— What is being asked —
Shown below are entries with pictures; the line with "Invitation Blue Twinkle" through the line with "Stetson Mens Light" is the span to retype exactly, and the pictures stay out.

— Exercise data —
______
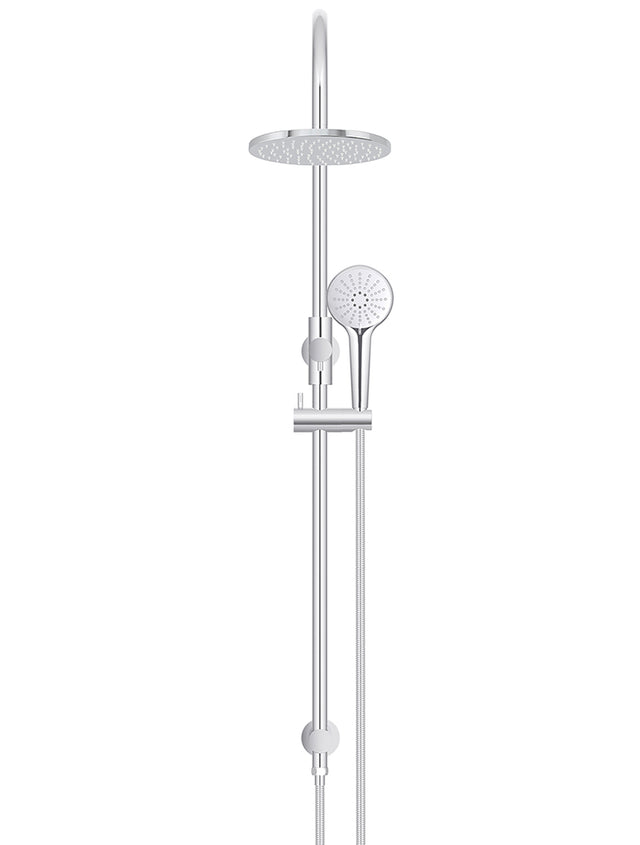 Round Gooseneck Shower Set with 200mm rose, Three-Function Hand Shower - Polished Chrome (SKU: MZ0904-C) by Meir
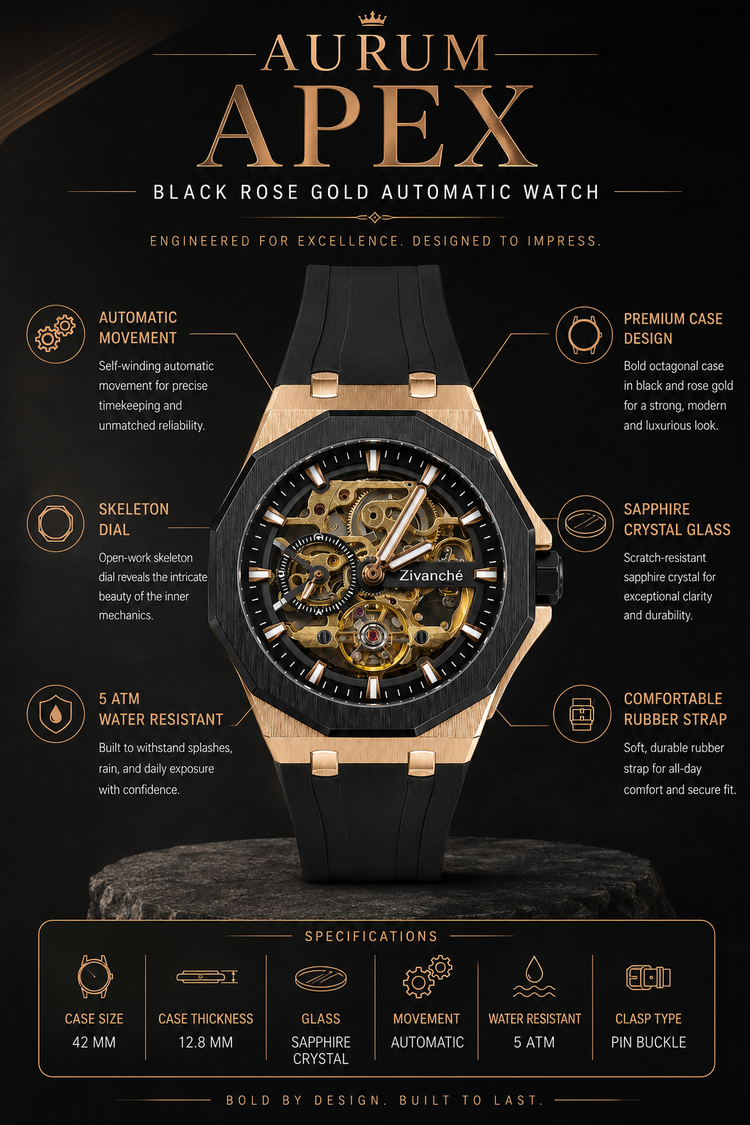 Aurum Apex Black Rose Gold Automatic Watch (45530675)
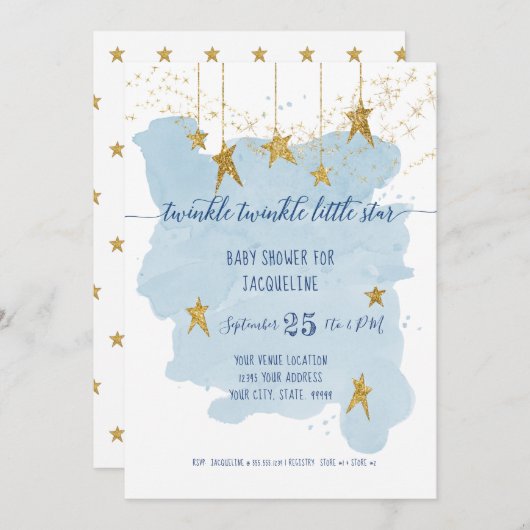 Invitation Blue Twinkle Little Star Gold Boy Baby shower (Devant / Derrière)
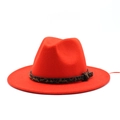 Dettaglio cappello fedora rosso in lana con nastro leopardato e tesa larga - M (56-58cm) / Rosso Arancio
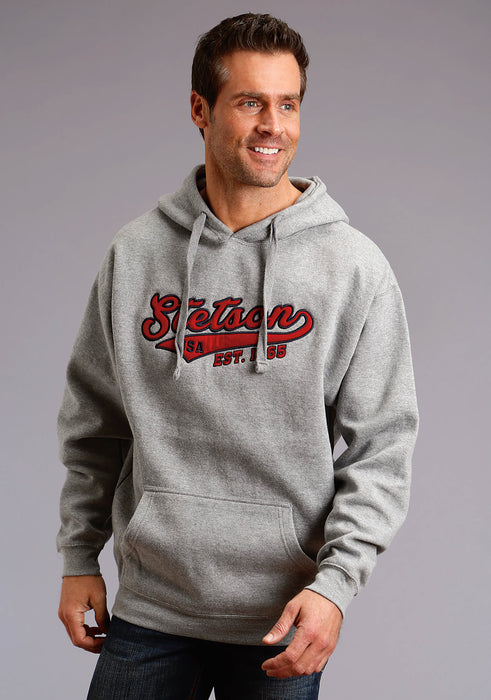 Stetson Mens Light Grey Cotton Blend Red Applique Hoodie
______
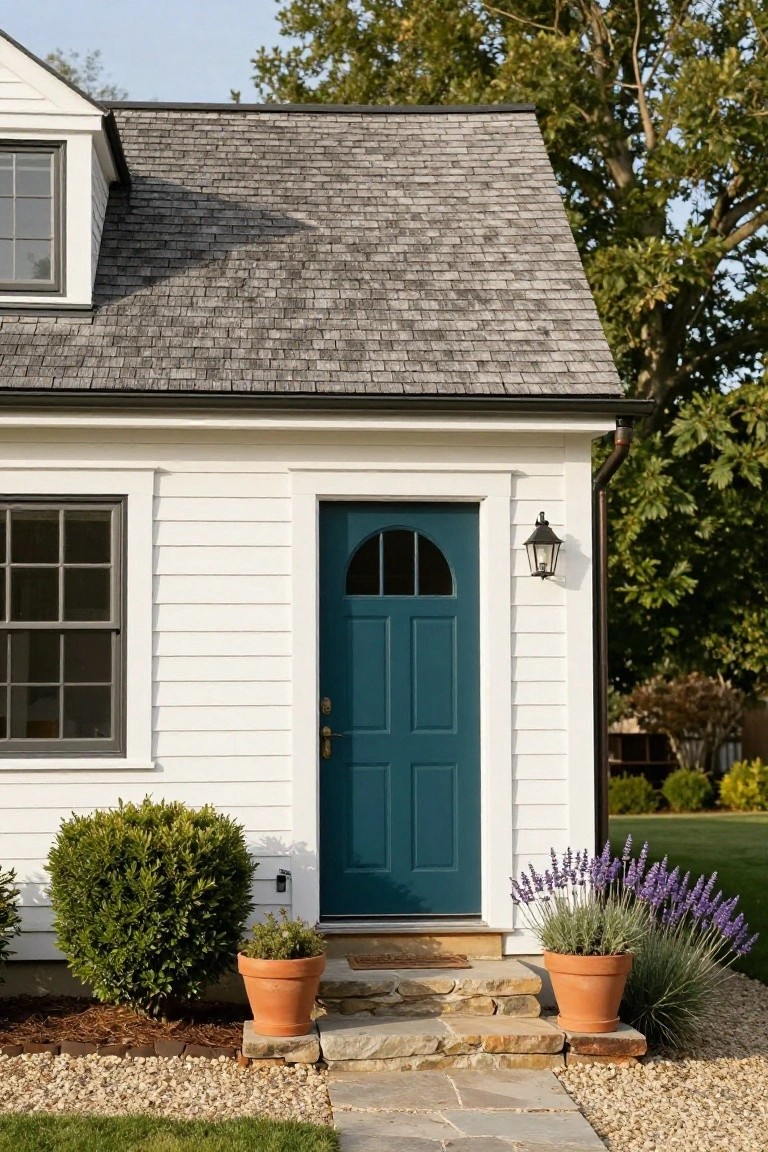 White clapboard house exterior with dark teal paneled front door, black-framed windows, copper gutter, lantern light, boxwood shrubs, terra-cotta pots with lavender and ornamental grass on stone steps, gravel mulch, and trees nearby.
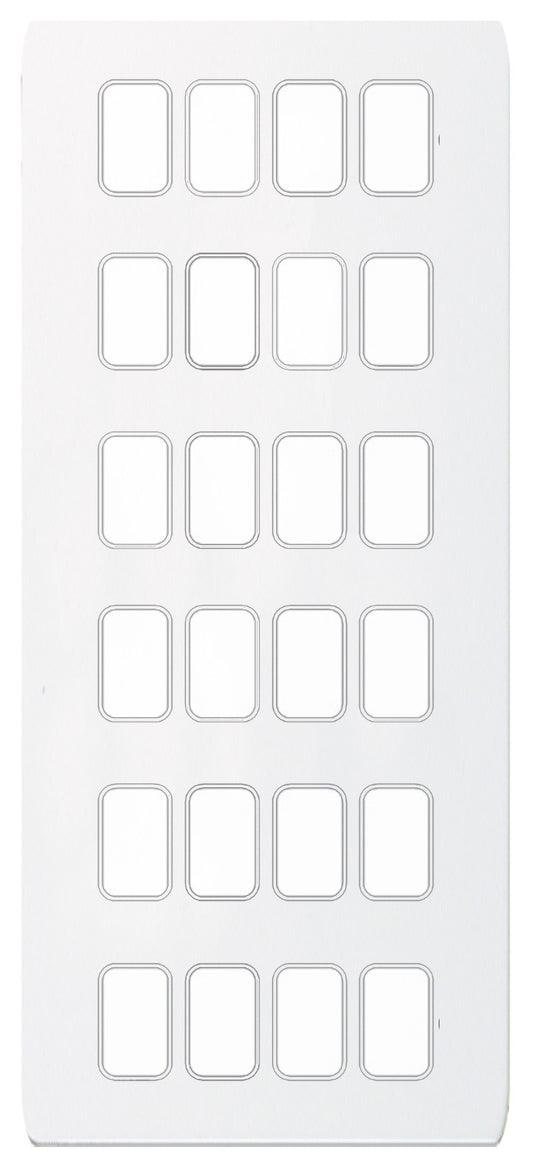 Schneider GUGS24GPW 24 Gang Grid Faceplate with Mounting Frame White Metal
______
— Exercise result —
 Invitation Blue Twinkle Little Star Gold Boy Baby shower (Devant / Derrière)
 Dettaglio cappello fedora rosso in lana con nastro leopardato e tesa larga - M (56-58cm) / Rosso Arancio
 Stetson Mens Light Grey Cotton Blend Red Applique Hoodie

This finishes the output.